Dalam menghadapi keadaan pendidikan seperti itu, kamu harus segera mencari dan menemukan apa passion-mu. Passion adalah suatu penderitaan, maka neraka mana yang kamu pilih. Kamu tahu akan menderita tapi kamu tetap menjalani penuh kesukacitaan. Suatu upaya yang wajar, misalnya, ialah memilih neraka belajar yang asyik. Artinya, dengan atau tanpa sekolahan, kamu akan senantiasa terbuka dan memposisikan diri sebagai pembelajar kehidupan yang mengamati, memahami dan menelaah sesuatu dari dekat di sekitarnya. Mengalami langsung untuk kemudian menyadari, lalu menghayati berbagai fenomena yang sedang berlangsung. Dan saat itu, kewajaran ialah melakukan suatu hal dengan merasa santai tanpa tekanan, meski tiba-tiba tekanan bisa datang dari mana saja. Karena begitulah kamu baru akan benar-benar bisa mengerti dan memahami sesuatu kalau sudah berada pada puncak frustrasi, tapi kalau mengerti setengah-setengah, boleh jadi gagal paham.
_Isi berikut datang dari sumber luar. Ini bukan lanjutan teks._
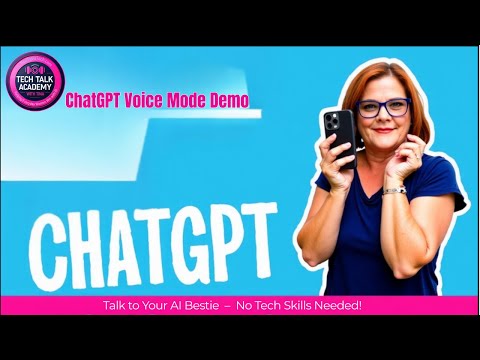 Talk to ChatGPT Like a Bestie | Voice Mode Demo for Busy Women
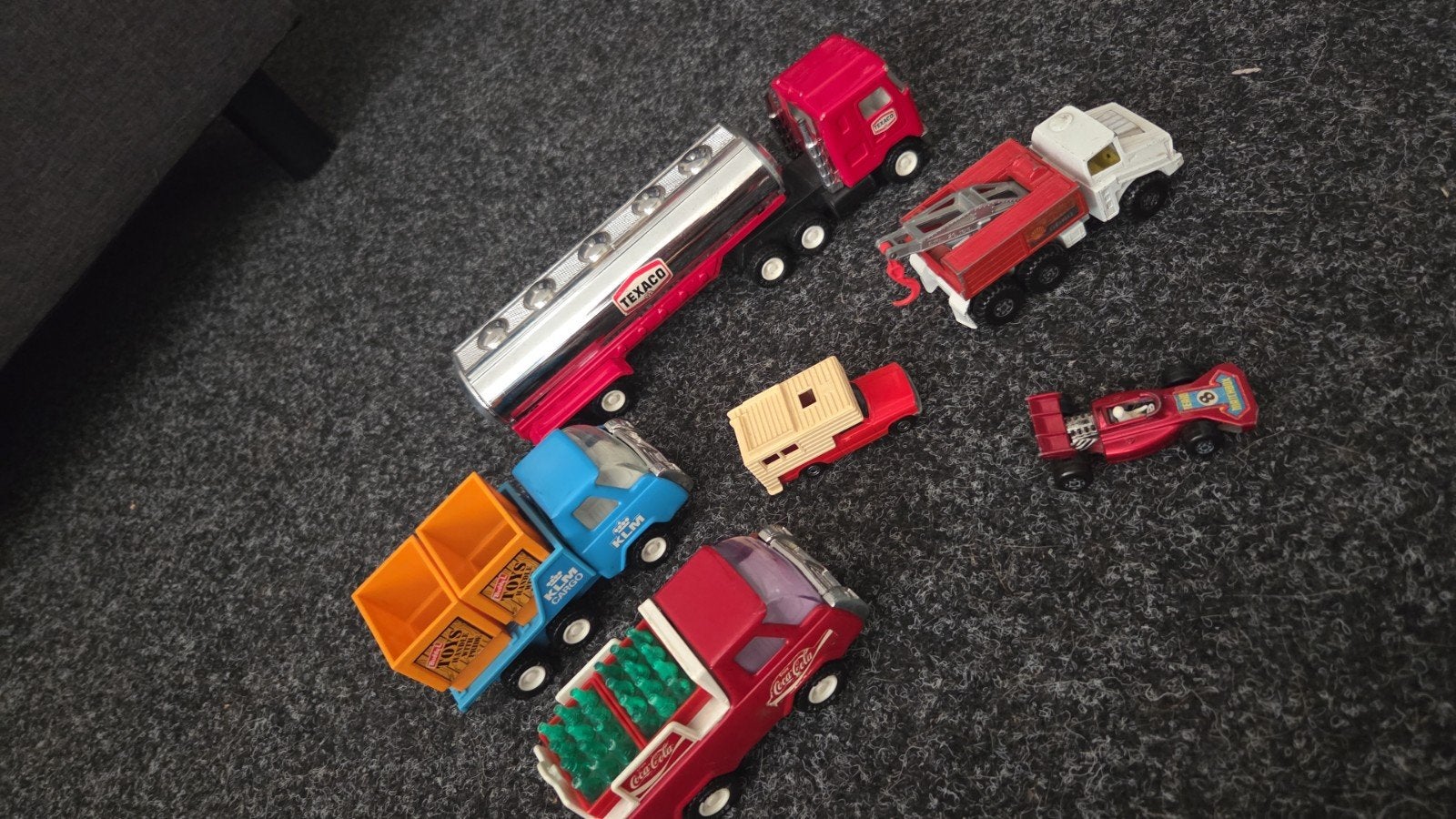 Mooie partij vintage modelauto's jaren 70/80, Ophalen of Verzenden, Gebruikt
Penderitaan adalah jalan terbaik menuju kebahagiaan. Itulah mengapa di dalam sedih, ada kesenangan. Di dalam senang, adapula kesedihan. Itu namanya dialektika antara senang-sedih maupun derita-bahagia, yang lalu kemudian diberi makna apapun yang dapat menumbuhkan hidupmu dan, syukur-syukur, dapat memperbaiki tingkah laku juga. Sehingga upaya yang wajar yang mungkin bisa dilakukan ialah manjing ing kahanan bahwa semua orang adalah guru sekaligus murid bagi lainnya, dan semua tempat adalah sekolah. Semangat menggali, mencari tahu, menemukan paham, mengalami ilmu kapanpun dan di manapun. Belajar kapanpun dan di manapun.
Sebagaimana di maiyah, Cak Nun pernah mewedarkan bahwa pendidikan ialah menemani anak didik untuk mengetahui kehendak Tuhan pada diri sendiri. Terkadang juga saya lebih manut pada asalkan itu “diperjalankan oleh Allah”. Karena apa yang kamu sukai belum tentu Allah sukai. Begitupun apa yang Allah sukai belum tentu kamu sukai, padahal itu baik untukmu. Jadi temukan atau pilihlah apa yang kamu sukai dan semoga juga Allah menyukainya. Kalau kamu ridho, insyallah Allah pun meridai. Apapun saja pilihanmu asalkan itu mempertimbangkan kewajaran, holistik dan seimbang.
Pendidikan dan atau passion-mu ialah lakukan yang terbaik meskipun tidak enak, lakukan yang paling sehat meskipun tidak enak, dan jangan lakukan yang mengancam kesehatan dan kebaikan hidupmu, meskipun itu sangat enak.